PlaceCommaParse.sql This query creates an initial temporary table xPlaceCommaTable with the columns from PlaceID to Comma3:
-- PlaceCommaParse.sql /* 2013-02-17 Tom Holden ve3meo Creates a temporary table of non-empty Standardized Place names with the positions of up to three commas in the string. Can be used to parse out the 4 parts of the name for further use such as the generation of a 2-part Abbreviation and 3-part Name for reports. */ DROP TABLE IF EXISTS xPlaceCommaTable; CREATE TEMP TABLE xPlaceCommaTable AS SELECT PlaceID ,Normalized ,Comma1 ,Comma2 ,Comma2 + INSTR(SUBSTR(Normalized, Comma2 + 1), ',') AS Comma3 FROM ( SELECT PlaceID ,Normalized ,Comma1 ,Comma1 + INSTR(SUBSTR(Normalized, Comma1 + 1), ',') AS Comma2 FROM ( SELECT PlaceID ,Normalized ,INSTR(Normalized, ',') AS Comma1 FROM PlaceTable WHERE PlaceType = 0 AND Normalized NOT LIKE '' ) );
PlaceParse.sql This query uses the initial temporary table to build an extended table with all the columns from the first plus the parsed parts of the Standardized Name as shown in the figure above:
-- PlaceParse.sql /* 2013-02-17 Tom Holden ve3meo Requires existence of table created by PlaceCommaParse.sql. Extracts the parts of a 4-part Standardized Place name and saves them to a temporary table */ DROP TABLE IF EXISTS xPlacePartsTable; CREATE TEMP TABLE xPlacePartsTable AS SELECT * ,CASE WHEN Comma1 > 0 THEN SUBSTR(Normalized, 1, Comma1 - 1) ELSE Normalized END AS Place1 ,CASE WHEN Comma2 > Comma1 THEN SUBSTR(Normalized, Comma1 + 1, Comma2 - Comma1 - 1) WHEN Comma1 > 0 THEN SUBSTR(Normalized, Comma1 + 1) ELSE '' END AS Place2 ,CASE WHEN Comma3 > Comma2 THEN SUBSTR(Normalized, Comma2 + 1, Comma3 - Comma2 - 1) WHEN Comma2 > Comma1 THEN SUBSTR(Normalized, Comma2 + 1) ELSE '' END AS Place3 ,CASE WHEN Comma3 > Comma2 THEN SUBSTR(Normalized, Comma3 + 1) ELSE '' END AS Place4 FROM xPlaceCommaTable;
PlaceAbbrevUpdate.sql This query writes up to the first two parts of the Standardized Name to the Abbrev column of PlaceTable:
-- PlaceAbbrevUpdate.sql /* 2013-02-17 Tom Holden ve3meo Combines up to the first two parts of the Standardized Place name (the Normalized column) and places the concatenated result in the Abbrev column of PlaceTable for Places having non-empty Normalized fields. Requires temp xPlacePartsTable generated by PlaceParse.sql or equiv. */ UPDATE PlaceTable SET Abbrev = ( SELECT CASE WHEN Comma1 > 0 THEN Place1 || ', ' || Place2 ELSE Place1 END AS Abbrev FROM xPlacePartsTable WHERE PlaceTable.PlaceID = xPlacePartsTable.PlaceID ) WHERE PlaceID IN ( SELECT PlaceID FROM xPlacePartsTable );
A similar query can set the working Place Name to up to the first three parts of the Standardized name:
-- PlaceNameUpdate.sql /* 2013-02-17 Tom Holden ve3meo Combines up to the first three parts of the Standardized Place name (the Normalized column) and places the concatenated result in the Name column of PlaceTable for Places having non-empty Normalized fields. Requires temp xPlacePartsTable generated by PlaceParse.sql or equiv. AND (fake) RMNOCASE collation. */ UPDATE PlaceTable SET Name = ( SELECT CASE WHEN Comma2 > Comma1 THEN Place1 || ', ' || Place2 || ', ' || Place3 WHEN Comma1 > 0 THEN Place1 || ', ' || Place2 ELSE Place1 END AS Name FROM xPlacePartsTable WHERE PlaceTable.PlaceID = xPlacePartsTable.PlaceID ) WHERE PlaceID IN ( SELECT PlaceID FROM xPlacePartsTable );
With these queries as examples, others can be readily developed.

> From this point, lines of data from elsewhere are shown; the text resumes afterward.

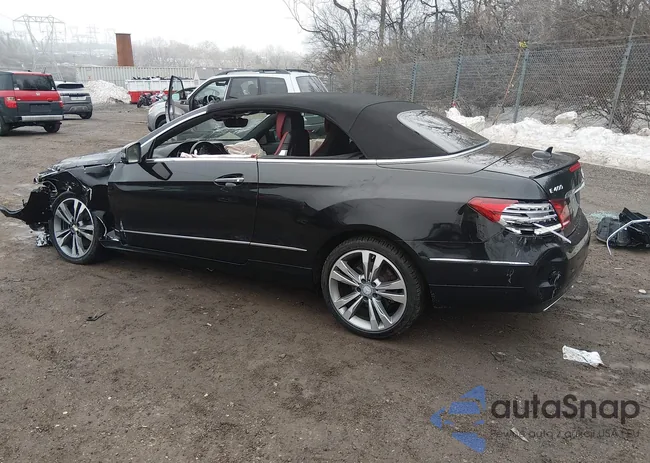 WDDKK6FF0GF336181: 44399880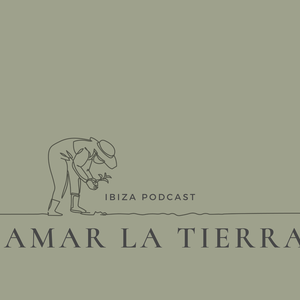 Amar La Tierra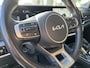 Kia Sportage 1.6 T-GDi Plug-in Hybrid AWD DynamicPlusLine PHEV | ADAPTIVE CRUISE CONTR. | NAV | CAMERA | ELEC. STOELEN + VERW. | APPLE CARPLAY / ANDROID AUTO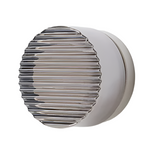 Moderne LED Wandlamp Voor Binnen En Buiten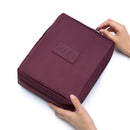 Makeup Bag - Beauty Bag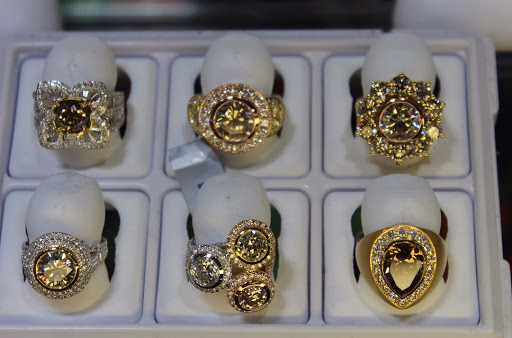 Paul Albarian Gold Dealer, Coin Dealer, Pawn Shop, Precious Metals - Thumbnail
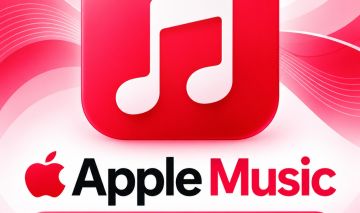 Apple Music | 30 dias | Somente Apple ID Índia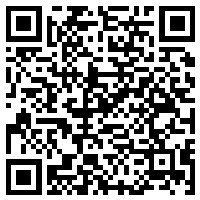 QR Code for bitcoin:bitcoin:bitcoin:bitcoin:dash:XcDWppLwKE8PoicJrfwsbNusf3RqbirFs6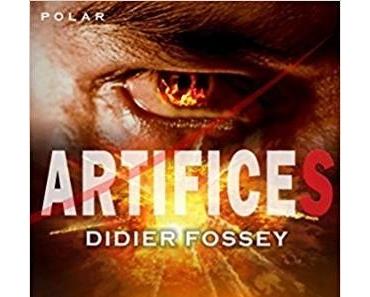 Artifices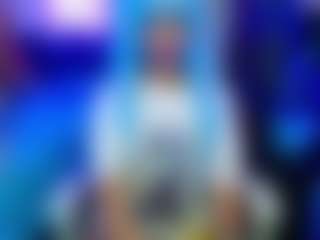 Natasha2526's Live Sex Cam Show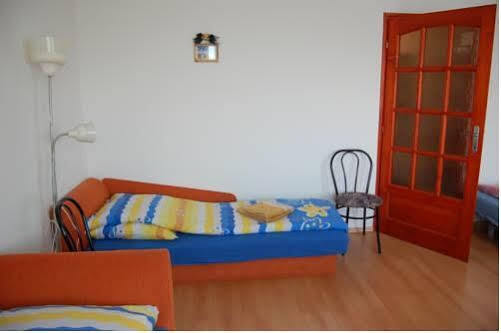 Casalara-Cozy Nest Near Buda Castle Budapest Kültér fotó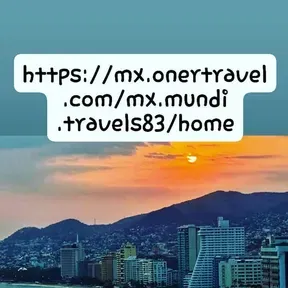 Mx.mundi.travels83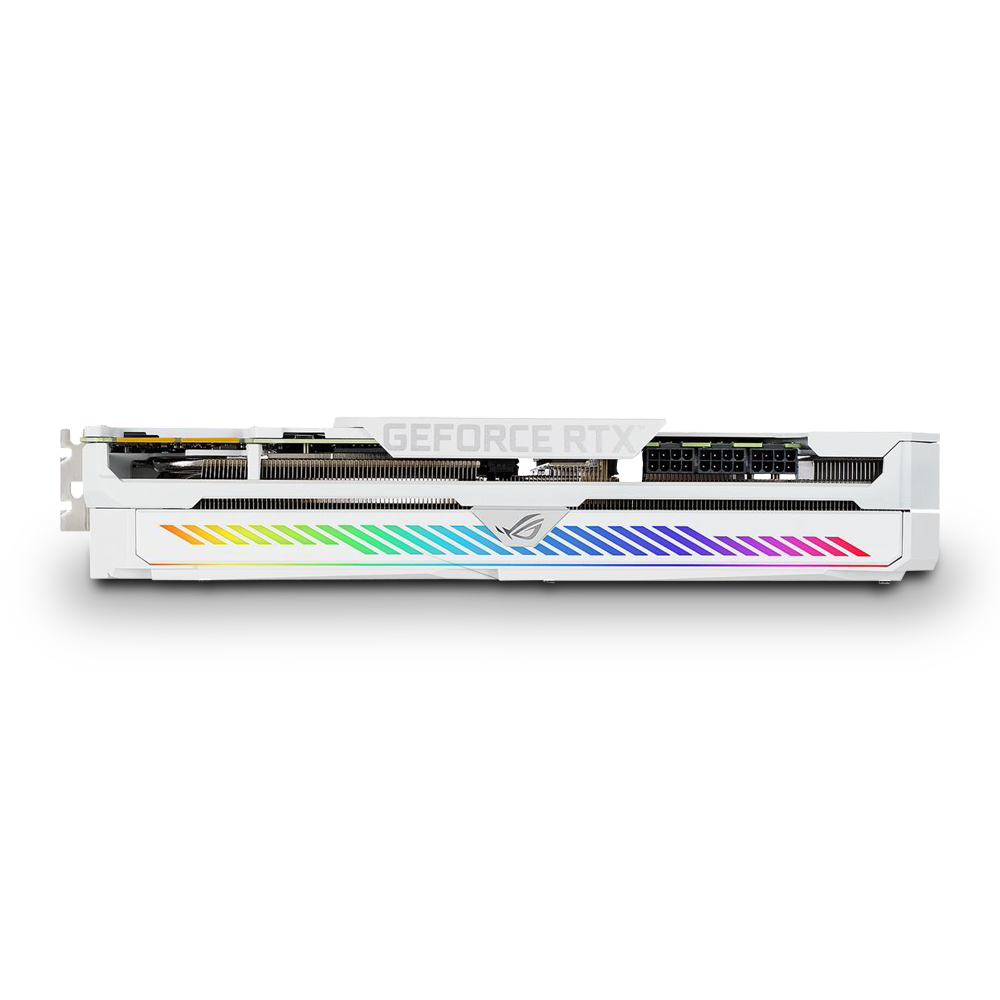 GeForce RTX™ 3090 "refurbished"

- Some may prefer just the first part of the Standardized Place name for the Place Abbreviation, i.e., typically the municipality’s name alone.
- Those whose Standardized Names are more typically only 3 levels (e.g., Canadian places when geo-coded have only municipality, province, country) may prefer just two parts for the working Place Name (municipality, province).
- Perhaps revise the UPDATE query so that the working Place Name receives 2 parts of a 3-level Place and 3 parts of a 4-level place.
- The temporary table, xPlacePartsTable, when viewed is itself useful for inspecting Standardized Place names for incomplete names. Depending on the SQLite manager, it can be sorted and filtered for special views.
- xPlacePartsTable itself can be edited. Thus Placen values can be changed in it and UPDATEs run to propagate changes to the RM database. Note that TEMP tables are lost when the SQLite manager that created them closes its connection to the database nor are they available to another SQLite manager open at the same time.